Nell blinked. "I still want Galen. He's a pit bull when he's pissed. Or even when he isn't."
"I'll see what I can do. In the meantime, you might try calling Max."
"Calling —"
"Oh, hell, you could always call him, even before you two carved your initials in that tree. Call him. You might be surprised how he can help you now that Kyle can't get in."
Nell would have said something to that, but Hailey gave her a somewhat mocking salute and hurried off through the woods back the way they'd come, leaving Nell to mutter to herself.

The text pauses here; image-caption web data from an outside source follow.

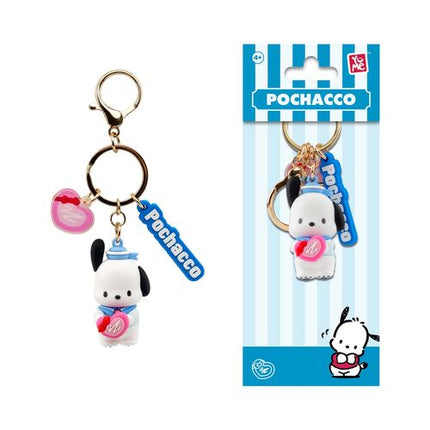 Sanrio - Hello Kitty and Friends Tea Party Series Keychain with Hand Strap (YUME)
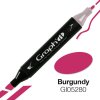 31368 3 graph it alkoholovy twin marker burgundy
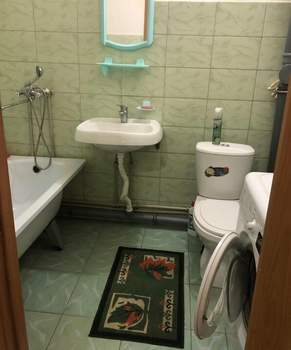 1-к квартира, на длительный срок, 36м2, 5/5 этаж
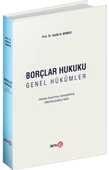 Borçlar Hukuku Genel Hükümler - 1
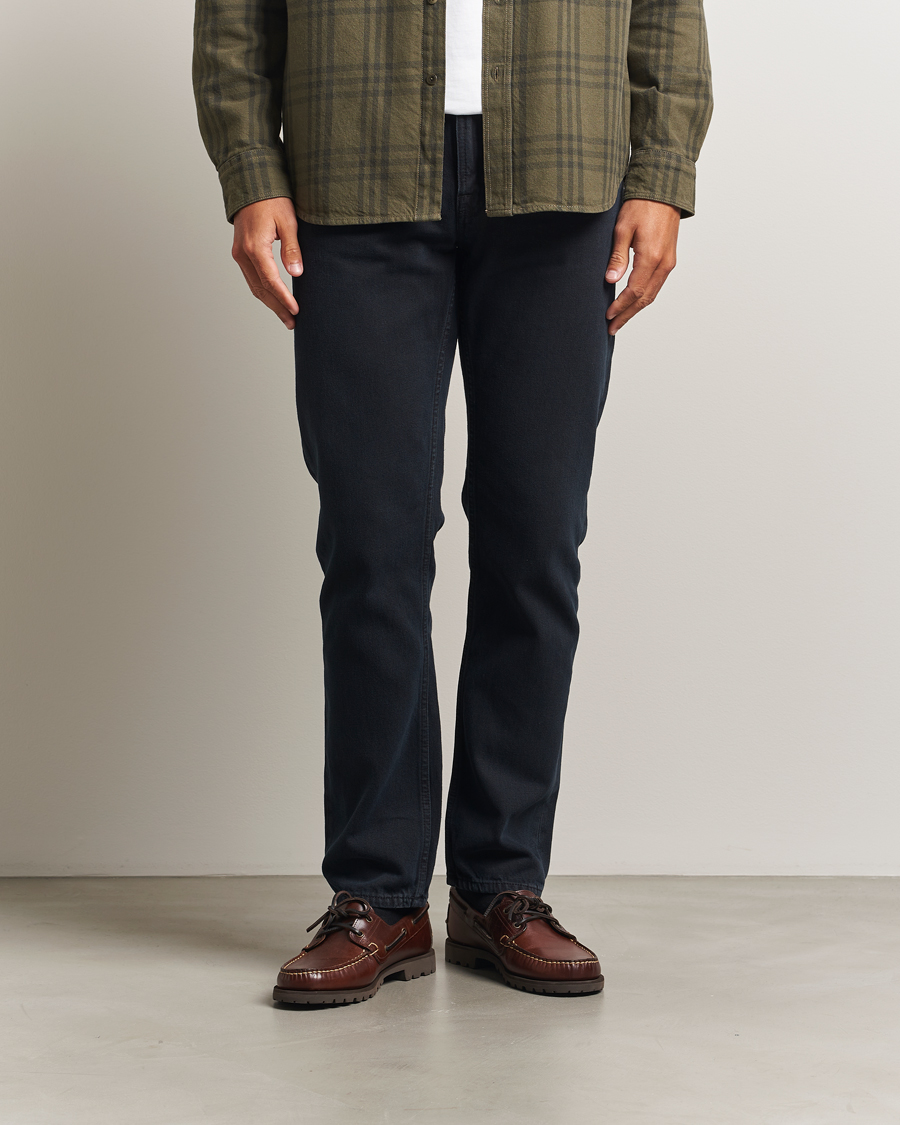 Mies | Housut | Nudie Jeans | Gritty Jackson Jeans Black Forest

Hailey had always been able to do this, dammit. Answer only the questions she chose to, manipulate people into doing what she wanted without bothering to explain herself. So damned typical.
Even with the tensions and strains between them, she'd had the knack of carrying Nell along in a rush, overwhelming any objections or protests, do this, do that, hurry now — and Nell always found herself in trouble at the end of it.
There was entirely too much about the situation Nell found bewildering, but as she hurried cautiously across the cultivated field toward the lighted house, the last of the fog cleared from her mind and both her training and instincts finally kicked in.
The situation was definitely not a good one. She was one agent alone, and even if she was well trained and experienced, it would require more than surprise for her to get the upper hand against a psychotic killer who just happened to be not only a cop but also a half-brother.
And psychic.
She needed help.
Maybe Hailey could get the cavalry here quickly enough and maybe not. Nell had to assume the latter and make her plans accordingly, that's what her training and experience told her. She was alone, and —
Was she alone? She thought about that as she crept closer to one of the lighted windows and very cautiously peered through the narrow opening of the curtains and into the house.
The first window showed her nothing but an empty room, what looked like a den. But the second, the living room, was definitely occupied. Ethan was sitting in a dining room chair, his hands cuffed behind him. His head lolled, and Nell could see blood on the side of his face, though from her angle she couldn't tell how bad his injuries were.
Kyle Venable was also in the room. He was at the doorway of the room, leaning against the door frame. There was a length of rope in his hands. He was knotting a noose.
Was that what he intended for Ethan, suicide? If he set it up right, it could certainly make sense. The FBI could provide their profile indicating the killer was a cop, and there was, after all, no solid evidence clearing Ethan. Just Nell's certainty, and if Kyle had brought her here to witness this death, it was unlikely he meant to allow her to live long enough to testify on Ethan's behalf.
A body found with a note, the motives for murder and suicide painfully apparent, and who would question? The sheriff, last of Hailey's lovers still in Silence, killing himself after murdering all the men who had corrupted his love.